Records excerpted from a collection
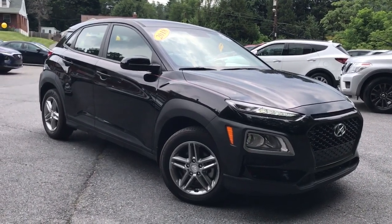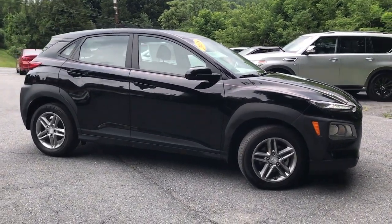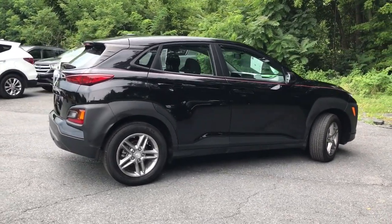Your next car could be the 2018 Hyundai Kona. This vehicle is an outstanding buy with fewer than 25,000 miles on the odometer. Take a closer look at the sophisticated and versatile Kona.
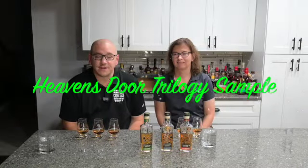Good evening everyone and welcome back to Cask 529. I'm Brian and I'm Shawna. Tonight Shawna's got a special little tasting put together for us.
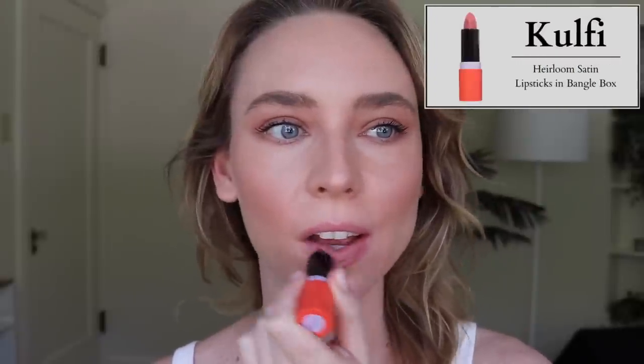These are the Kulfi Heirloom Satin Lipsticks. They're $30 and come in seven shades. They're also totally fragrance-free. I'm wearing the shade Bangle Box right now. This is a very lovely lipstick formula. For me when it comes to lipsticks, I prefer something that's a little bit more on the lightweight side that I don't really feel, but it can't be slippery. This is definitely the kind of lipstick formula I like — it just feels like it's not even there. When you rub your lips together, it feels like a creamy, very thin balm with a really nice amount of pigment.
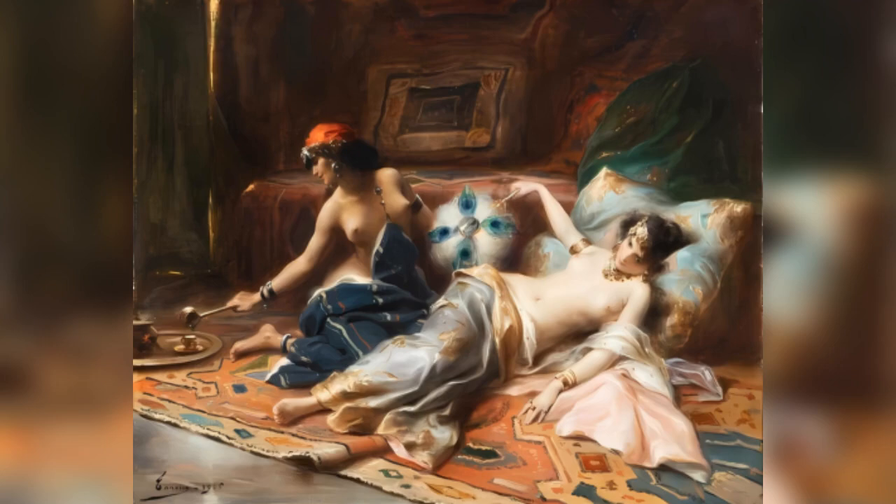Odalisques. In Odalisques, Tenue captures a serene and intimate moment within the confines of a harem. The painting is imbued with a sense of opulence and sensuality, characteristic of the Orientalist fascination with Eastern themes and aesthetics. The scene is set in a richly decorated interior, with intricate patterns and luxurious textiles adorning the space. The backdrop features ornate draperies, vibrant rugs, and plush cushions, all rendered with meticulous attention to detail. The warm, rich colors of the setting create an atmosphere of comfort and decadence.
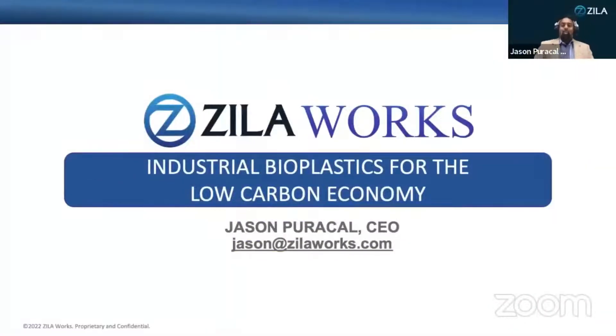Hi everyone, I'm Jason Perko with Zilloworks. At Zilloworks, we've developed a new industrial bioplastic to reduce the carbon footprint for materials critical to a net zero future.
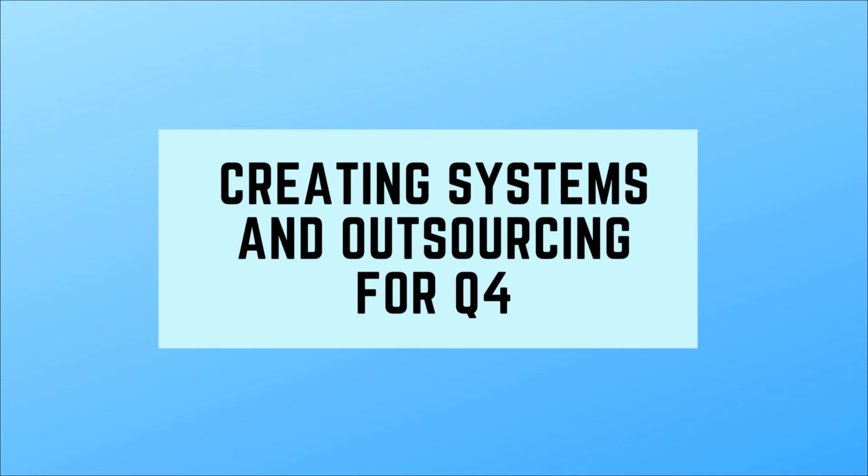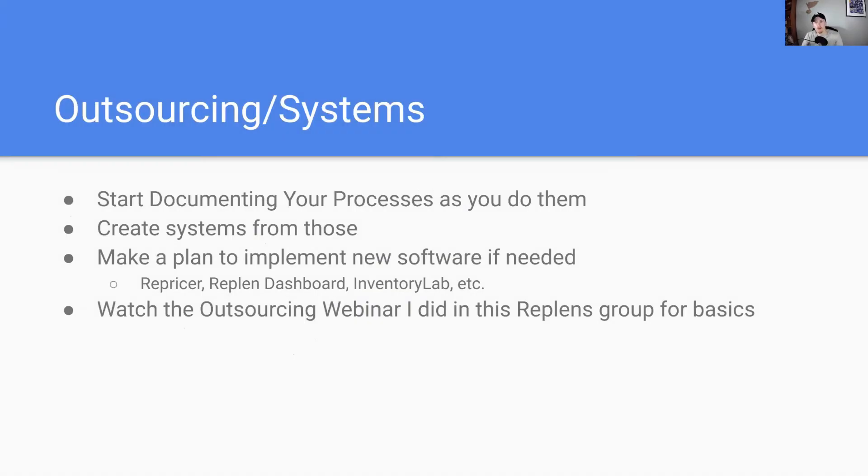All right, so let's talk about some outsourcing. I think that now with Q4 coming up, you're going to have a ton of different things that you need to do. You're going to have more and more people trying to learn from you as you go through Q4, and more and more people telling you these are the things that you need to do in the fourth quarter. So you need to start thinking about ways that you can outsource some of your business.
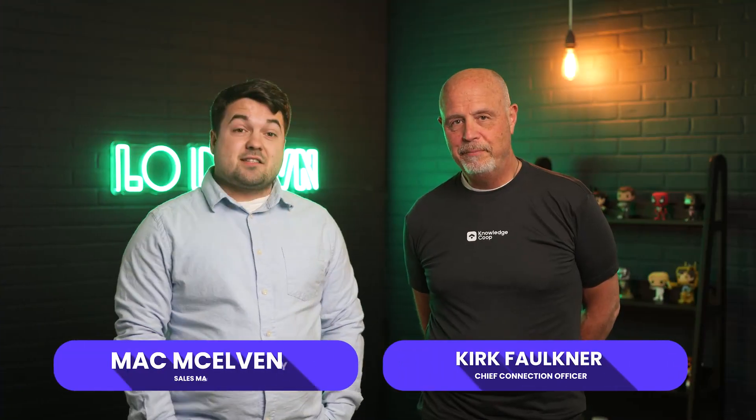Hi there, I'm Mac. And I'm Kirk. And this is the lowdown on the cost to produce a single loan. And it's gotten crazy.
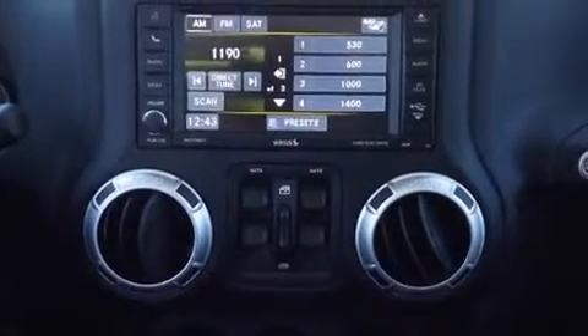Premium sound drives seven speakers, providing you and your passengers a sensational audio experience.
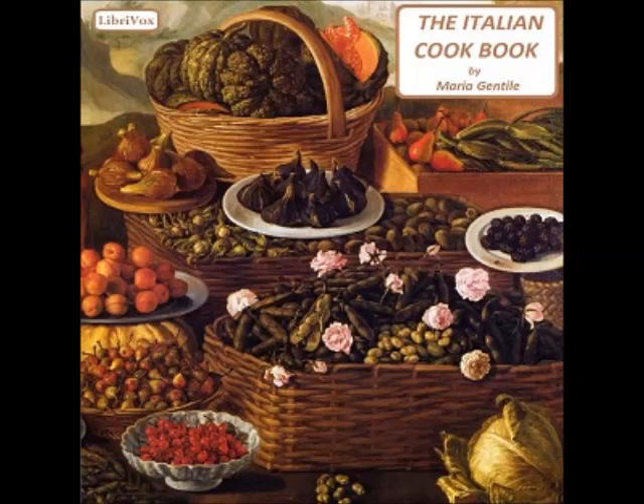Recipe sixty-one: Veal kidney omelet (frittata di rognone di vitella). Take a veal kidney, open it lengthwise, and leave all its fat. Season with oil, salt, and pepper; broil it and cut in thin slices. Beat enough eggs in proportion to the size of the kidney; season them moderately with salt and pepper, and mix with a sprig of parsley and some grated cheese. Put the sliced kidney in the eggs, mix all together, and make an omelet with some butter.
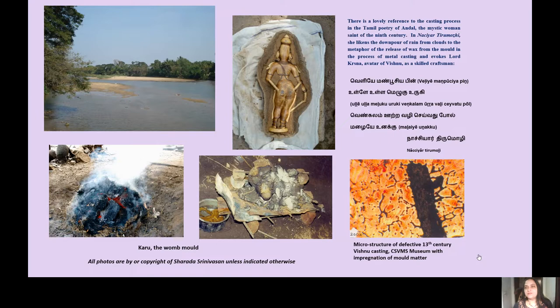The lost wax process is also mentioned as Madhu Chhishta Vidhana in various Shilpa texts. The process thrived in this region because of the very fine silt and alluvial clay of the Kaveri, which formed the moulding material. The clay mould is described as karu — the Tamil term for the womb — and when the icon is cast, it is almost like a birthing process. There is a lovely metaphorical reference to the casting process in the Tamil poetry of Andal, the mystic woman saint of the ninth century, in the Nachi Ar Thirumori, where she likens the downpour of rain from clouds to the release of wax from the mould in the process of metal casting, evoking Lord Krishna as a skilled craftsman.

◆ Goal of the exercise:
Copy out every entry above verbatim. Leave each picture out.

◆ Exercise answer:
Your next car could be the 2018 Hyundai Kona. This vehicle is an outstanding buy with fewer than 25,000 miles on the odometer. Take a closer look at the sophisticated and versatile Kona.
Good evening everyone and welcome back to Cask 529. I'm Brian and I'm Shawna. Tonight Shawna's got a special little tasting put together for us.
These are the Kulfi Heirloom Satin Lipsticks. They're $30 and come in seven shades. They're also totally fragrance-free. I'm wearing the shade Bangle Box right now. This is a very lovely lipstick formula. For me when it comes to lipsticks, I prefer something that's a little bit more on the lightweight side that I don't really feel, but it can't be slippery. This is definitely the kind of lipstick formula I like — it just feels like it's not even there. When you rub your lips together, it feels like a creamy, very thin balm with a really nice amount of pigment.
Odalisques. In Odalisques, Tenue captures a serene and intimate moment within the confines of a harem. The painting is imbued with a sense of opulence and sensuality, characteristic of the Orientalist fascination with Eastern themes and aesthetics. The scene is set in a richly decorated interior, with intricate patterns and luxurious textiles adorning the space. The backdrop features ornate draperies, vibrant rugs, and plush cushions, all rendered with meticulous attention to detail. The warm, rich colors of the setting create an atmosphere of comfort and decadence.
Hi everyone, I'm Jason Perko with Zilloworks. At Zilloworks, we've developed a new industrial bioplastic to reduce the carbon footprint for materials critical to a net zero future.
All right, so let's talk about some outsourcing. I think that now with Q4 coming up, you're going to have a ton of different things that you need to do. You're going to have more and more people trying to learn from you as you go through Q4, and more and more people telling you these are the things that you need to do in the fourth quarter. So you need to start thinking about ways that you can outsource some of your business.
Hi there, I'm Mac. And I'm Kirk. And this is the lowdown on the cost to produce a single loan. And it's gotten crazy.
Premium sound drives seven speakers, providing you and your passengers a sensational audio experience.
Recipe sixty-one: Veal kidney omelet (frittata di rognone di vitella). Take a veal kidney, open it lengthwise, and leave all its fat. Season with oil, salt, and pepper; broil it and cut in thin slices. Beat enough eggs in proportion to the size of the kidney; season them moderately with salt and pepper, and mix with a sprig of parsley and some grated cheese. Put the sliced kidney in the eggs, mix all together, and make an omelet with some butter.
The lost wax process is also mentioned as Madhu Chhishta Vidhana in various Shilpa texts. The process thrived in this region because of the very fine silt and alluvial clay of the Kaveri, which formed the moulding material. The clay mould is described as karu — the Tamil term for the womb — and when the icon is cast, it is almost like a birthing process. There is a lovely metaphorical reference to the casting process in the Tamil poetry of Andal, the mystic woman saint of the ninth century, in the Nachi Ar Thirumori, where she likens the downpour of rain from clouds to the release of wax from the mould in the process of metal casting, evoking Lord Krishna as a skilled craftsman.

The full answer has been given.